Page:René de Pont-Jest - Divorcée.djvu/190

La bibliothèque libre.
Le texte de cette page a été corrigé et est conforme au fac-similé.

Mme  Meyrin, la mère, blâmait sévèrement la conduite de son fils et n’osait venir chez sa belle-fille. Quant à Mme  Frantz, dont les sentiments envieux avaient fait tout le mal, elle se réjouissait secrètement des souffrances de cette grande dame étrangère, qui avait enlevé son beau-frère à sa tutelle intéressée.

Étant donné le tempérament de l’épouse abandonnée, cet isolement eut un résultat logique, fatal. Excellente mère par nature, elle se mit à adorer ses enfants avec une sorte de passion nerveuse, inquiète, maladive, que n’apaisaient pas les soins dont elle entourait sa fille ni les caresses qu’elle lui prodiguait.

On eût dit qu’elle voulait se venger d’avoir fait pendant trois ans le partage de son cœur. Plus encore que cela ne lui était arrivé jamais, elle songea, à partir de cette époque, à ceux qui étaient si loin, parlant sans cesse d’Alexandre et de Tekla, pleurant leur absence, aspirant à les revoir, ne fût-ce qu’une heure, un seul instant. Ces êtres adorés étaient l’unique objet de ses conversations avec Marthe et Dumesnil. Dans son innocente manie de citations poétiques, le brave comédien la comparait à Andromaque et à Niobé.

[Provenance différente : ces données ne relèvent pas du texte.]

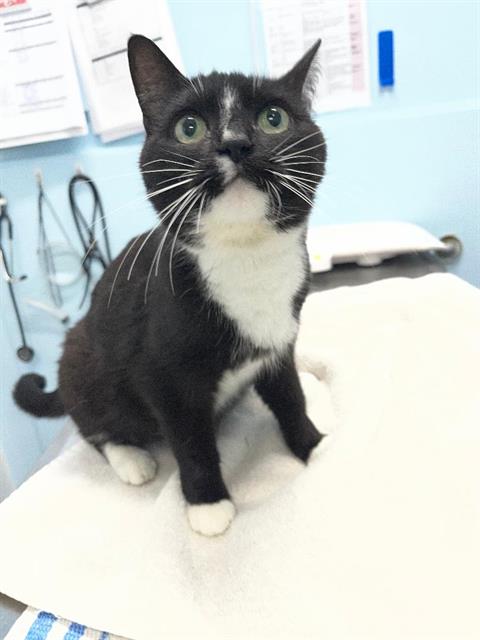 DORIE, a cat for adoption from London Animal Care Centre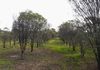 Lot 18493 Tutanning Road, East Pingelly
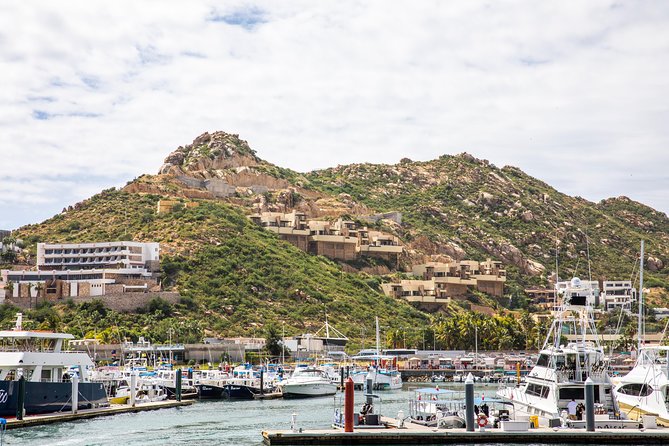 Dinner Cruise Tour in Cabo San Lucas with Tequila Tasting - Timing, weather, and cruise-ship planning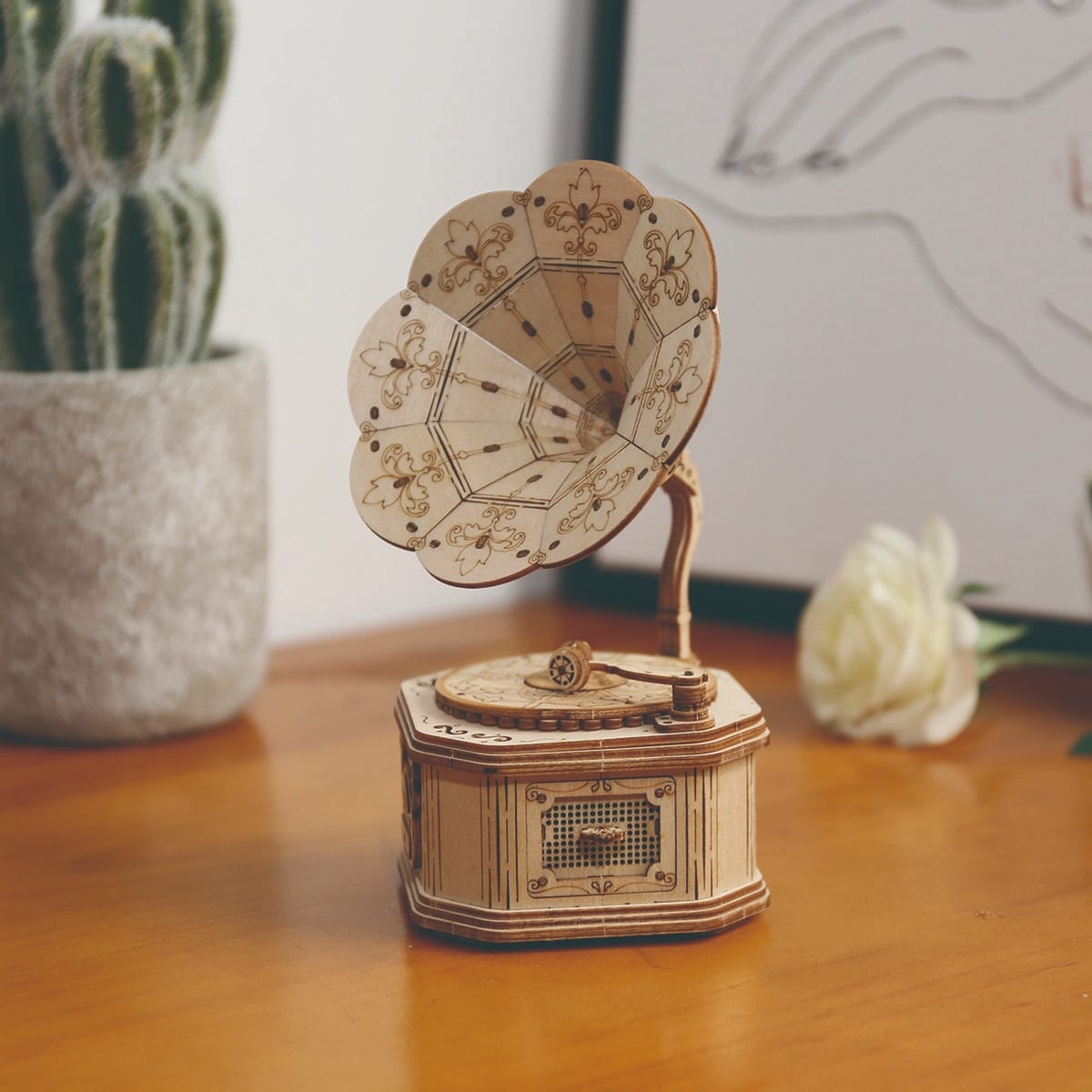 Gramophone – DIY Kits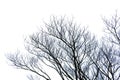 leafless branch or dead tree isolated on white background with clipping path. Graphic resources. Royalty Free Stock Photo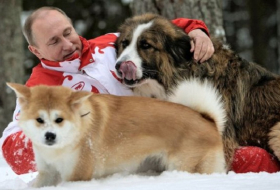Putin turns down Japanese dog gift, MP says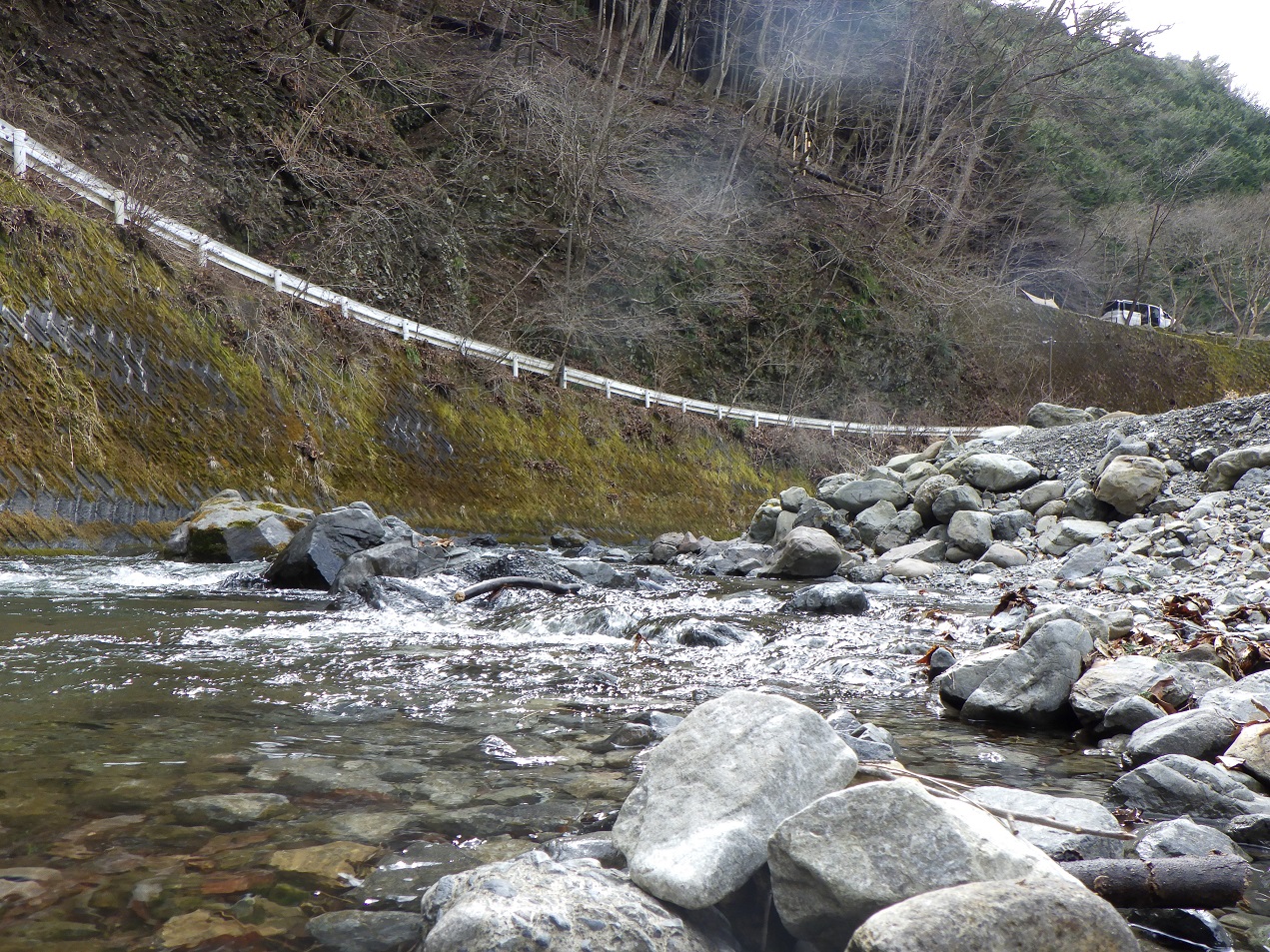 ほうれん坊の森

Sur ces entrefaites, la pauvre femme reçut de sa mère une lettre qui accrut encore son humiliation. Ayant appris à Ems, par des journaux français, l’aventure du boulevard de Clichy, la générale Podoï s’était empressée d’écrire à sa fille dans les termes les plus vifs. Sa missive se terminait par ces lignes :

« Il est vrai qu’il te reste la ressource de divorcer une seconde fois. Seulement, qui épouseras-tu ? Dieu seul sait jusqu’où tu pourras descendre. »

En prouvant bien à Mme  Meyrin que le cœur de sa mère, impitoyable dans son orgueil blessé, restait fermé pour elle, cette lettre si dure lui causa un immense chagrin, mais elle ne répondit à l’ex-comtesse Barineff que pour lui exprimer tout le regret qu’elle ressentait de ne pas avoir reçu des nouvelles de ses enfants, ainsi qu’elle avait coutume d’en envoyer, lorsque, de temps en temps, elle lui écrivait.